» **TASK DESCRIPTION**: Write out the entries exactly, pictures excluded.

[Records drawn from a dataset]
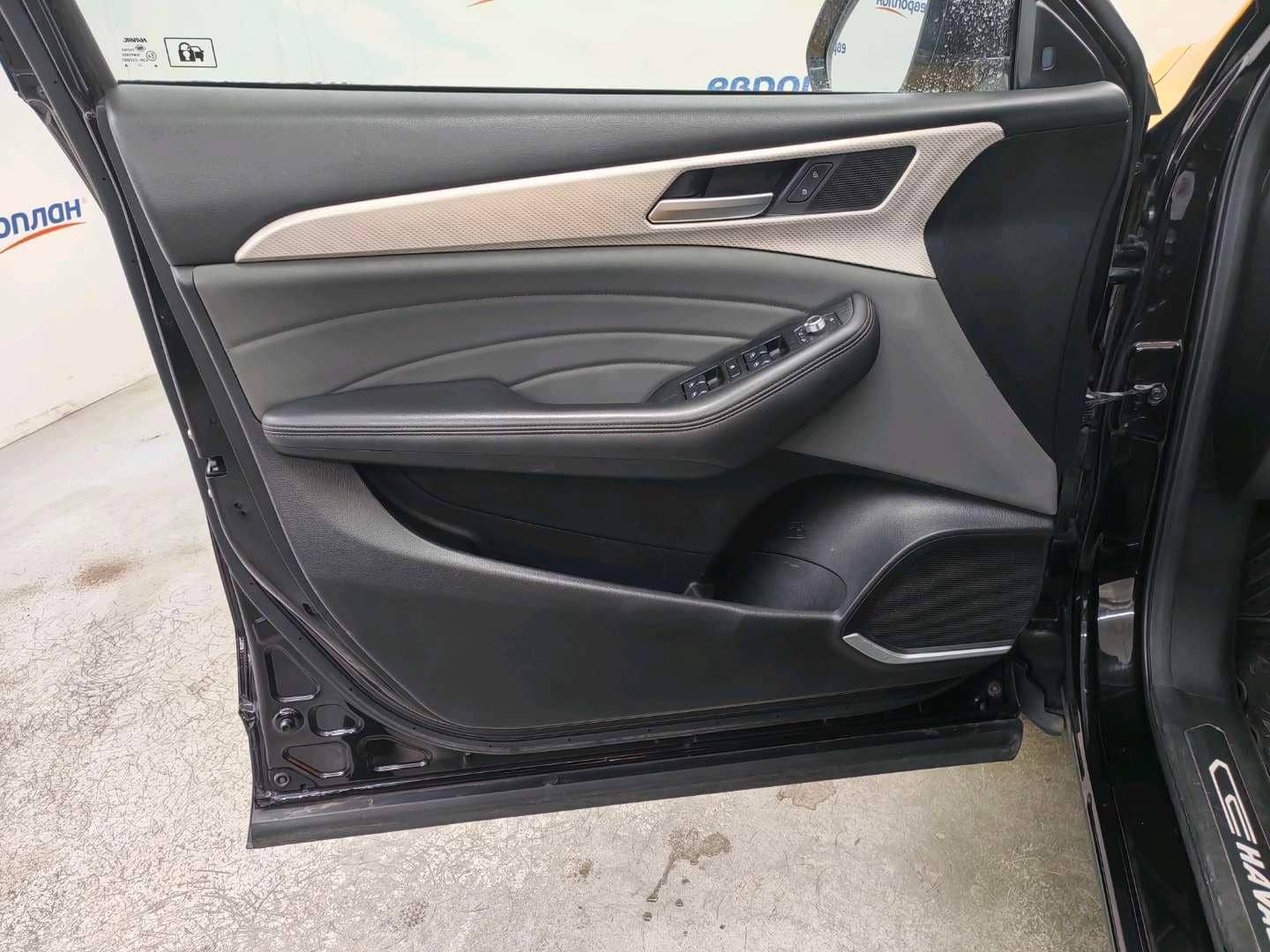 Haval F7,  212 764 км, 2024 года в лизинг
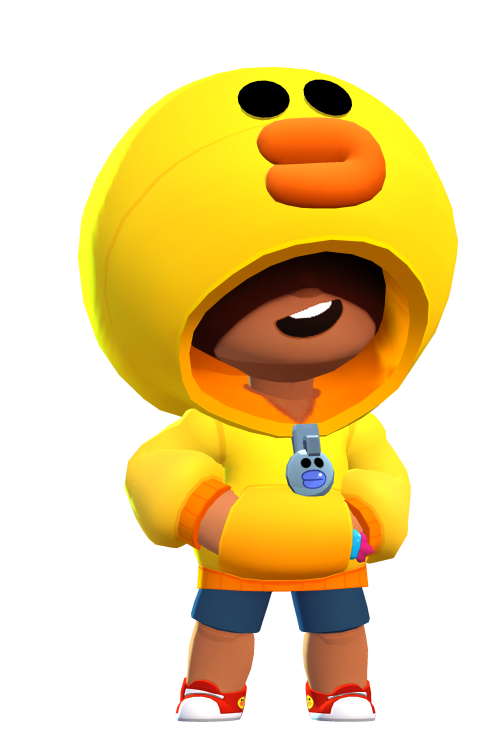 Леон Sally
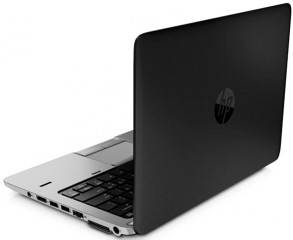 HP Elitebook 820 G1 (G2F73PA) Laptop (Core i5 4th Gen/4 GB/500 GB 32 GB SSD/Windows 8)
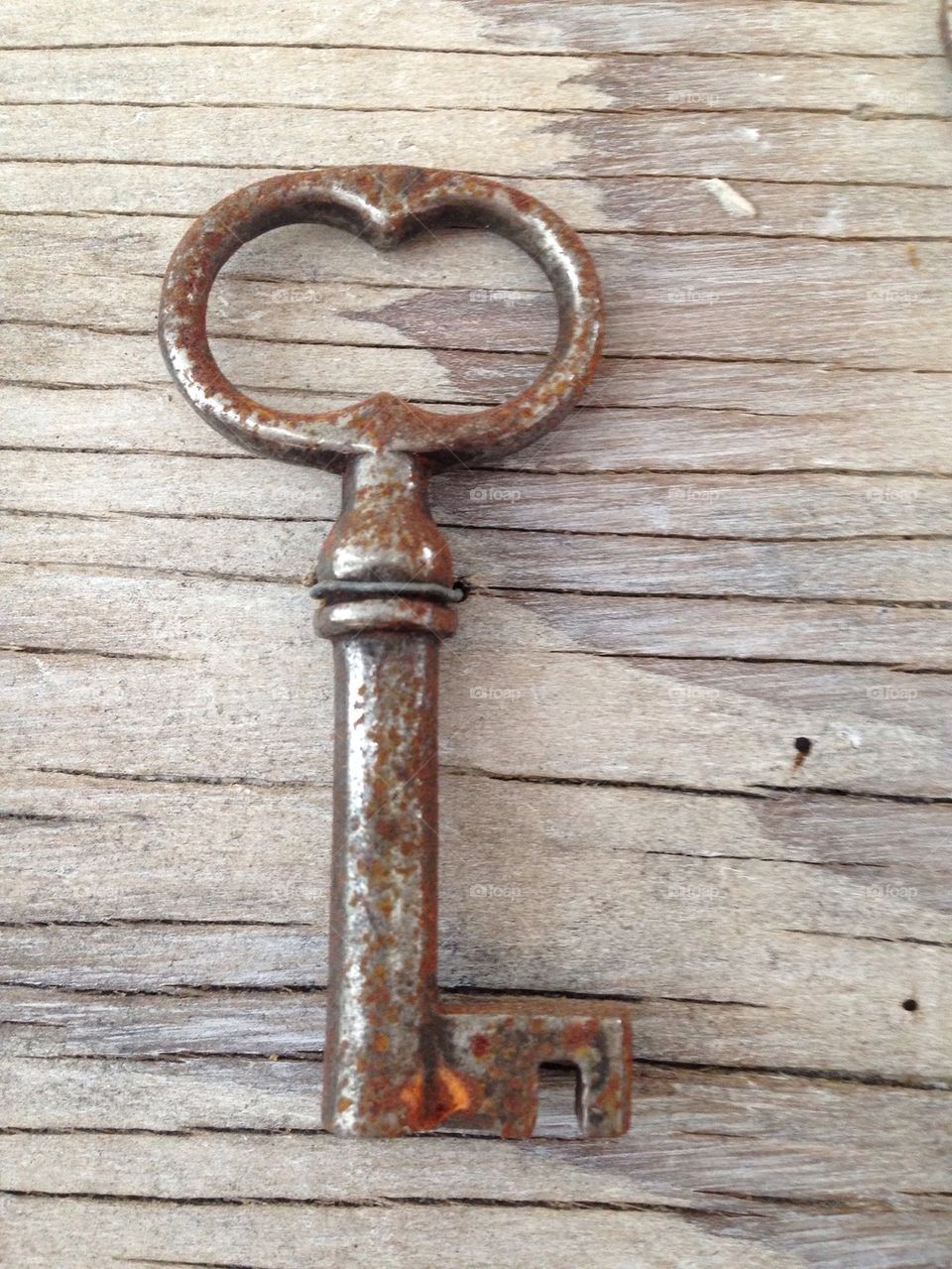 Key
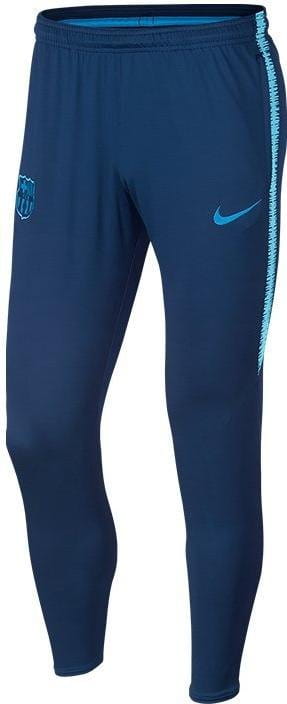 Pantalón Nike fc barcelona dry squad pant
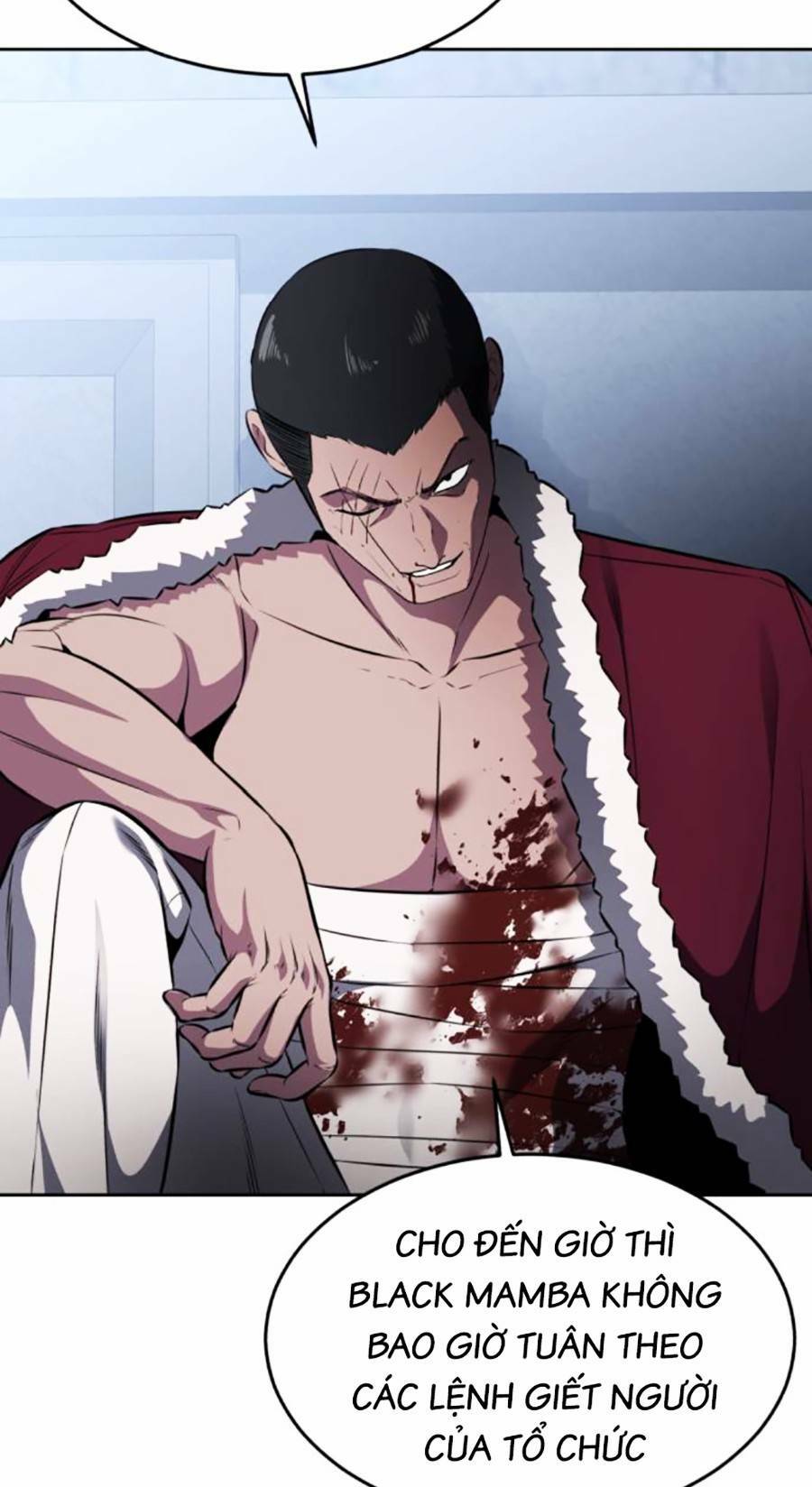 Cậu Bé Của Thần Chết - Chapter 188 - Page 31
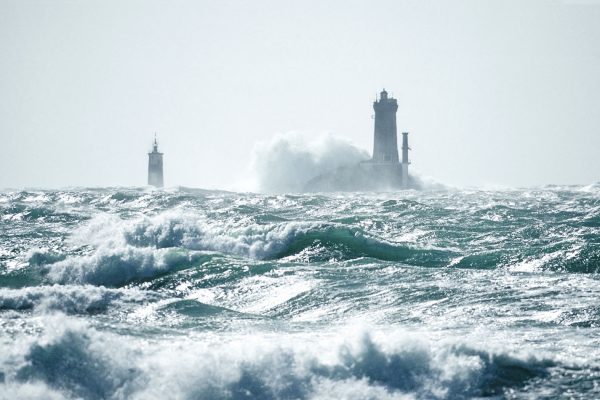 Or.13_Pointe du Raz
Formato 150 x 100 
 cm.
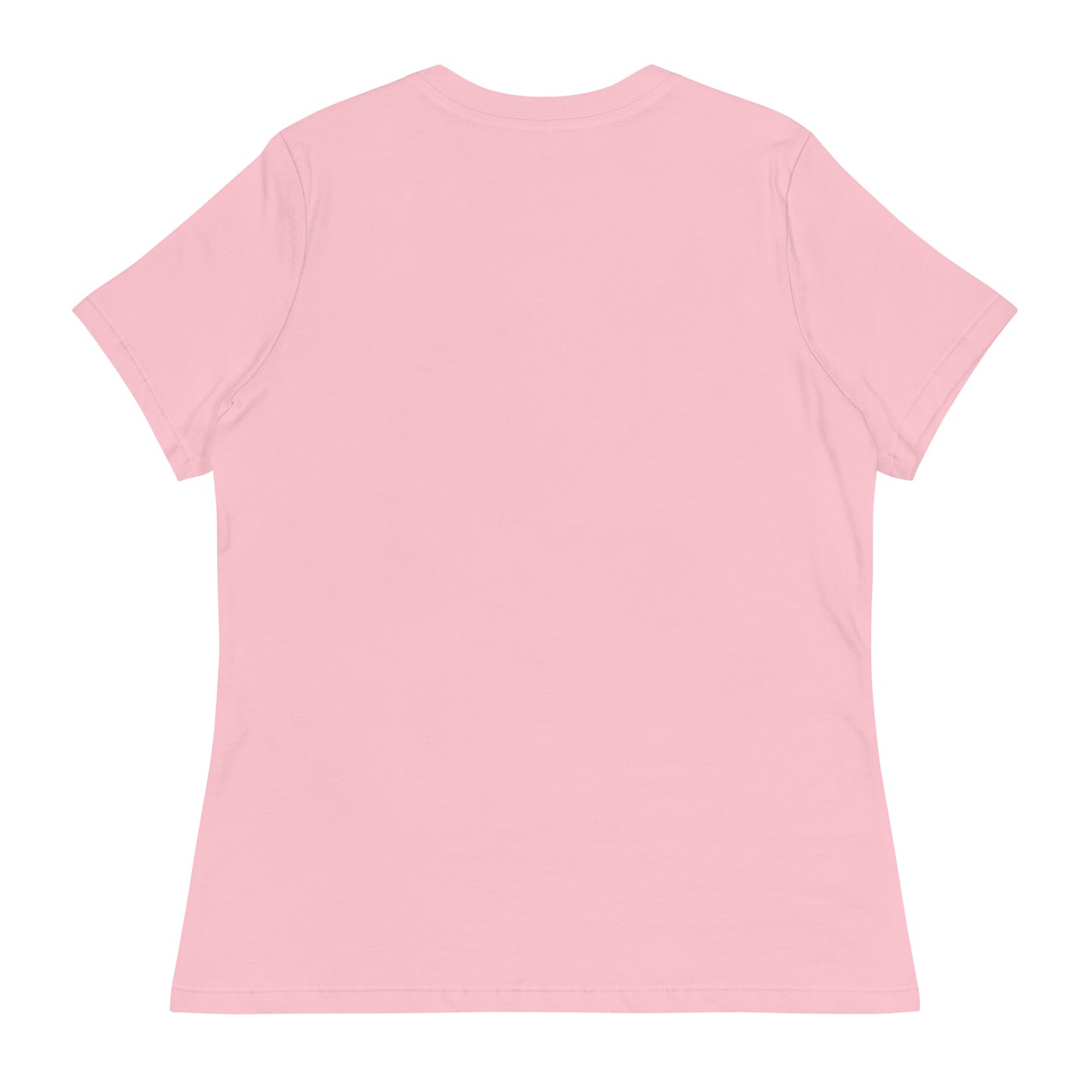 Champion Bowtie Women's Relaxed T-Shirt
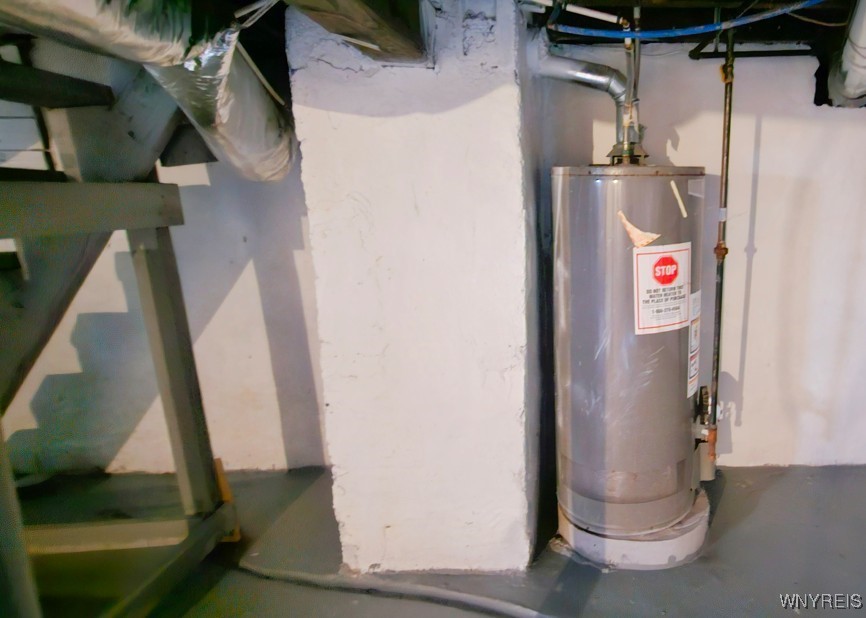 75 Edison Avenue Buffalo, NY 14215 - Photo 26 of 29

» **ANSWER**:
 Haval F7,  212 764 км, 2024 года в лизинг
 Леон Sally
 HP Elitebook 820 G1 (G2F73PA) Laptop (Core i5 4th Gen/4 GB/500 GB 32 GB SSD/Windows 8)
 Key
 Pantalón Nike fc barcelona dry squad pant
 Cậu Bé Của Thần Chết - Chapter 188 - Page 31
 Or.13_Pointe du Raz
Formato 150 x 100 
 cm.
 Champion Bowtie Women's Relaxed T-Shirt
 75 Edison Avenue Buffalo, NY 14215 - Photo 26 of 29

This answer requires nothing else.